Aim of the task - Everything in the listing should be set down exactly, apart from the pictures.

##### Available data

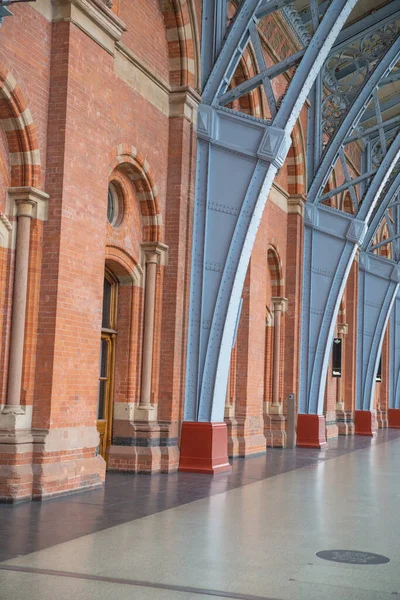 Porträtansicht der Mauern und Metallbögen des Bahnhofs von St. Pancras — Stockfoto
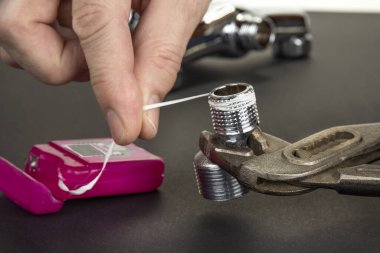 Tesisatçı tesisata boru kablosu yerleştiriyor.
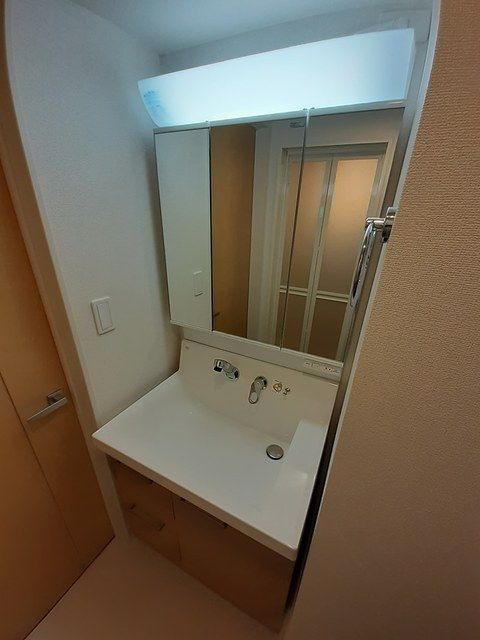 Ｓ・Ｂｒｉｓａの洗面所|明るい洗面所です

##########

Response box -
 Porträtansicht der Mauern und Metallbögen des Bahnhofs von St. Pancras — Stockfoto
 Tesisatçı tesisata boru kablosu yerleştiriyor.
 Ｓ・Ｂｒｉｓａの洗面所|明るい洗面所です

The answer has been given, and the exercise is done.